Patti, 33 years old, told police he entered this country illegally in 1929, coming from Italy as a sailor. He and Mrs. Patti were married about five years ago after she had divorced her first husband. She was 38 years old.
The principal cause of death: “Stab wound of neck through larynx and jugular vein, suffered when stabbed with knife in the hands of one Salvatore Patti in lot 75 feet south of Howard Street, West of 11th Street, about 11:30 P.M., July 27, 1938. Homicide.” Died En route to City Hospital #1.

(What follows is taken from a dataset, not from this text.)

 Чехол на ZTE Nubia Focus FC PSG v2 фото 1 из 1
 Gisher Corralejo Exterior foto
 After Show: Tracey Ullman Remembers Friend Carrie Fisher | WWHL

In one way this traumatic event was the culmination of a very unhappy time in the family; in another, the sadness never really ended. Lucy was my paternal grandfather’s sister and her first husband was my grandmother’s brother. Their move to St. Louis and subsequent divorce was very hard on everyone. The relationship with Salvatore Patti, an illegal immigrant from Italy, was most undoubtedly a very tumultuous one for Lucy and very difficult for her children. Supposedly, Patti was deported to Italy and was hanged there for another murder.
The story was written in one of the national magazines of the day; no one can remember which one, perhaps Life, perhaps True Confessions. I have never been able to find it, but I have heard from different family members that the magazines were hidden away, and finally thrown out.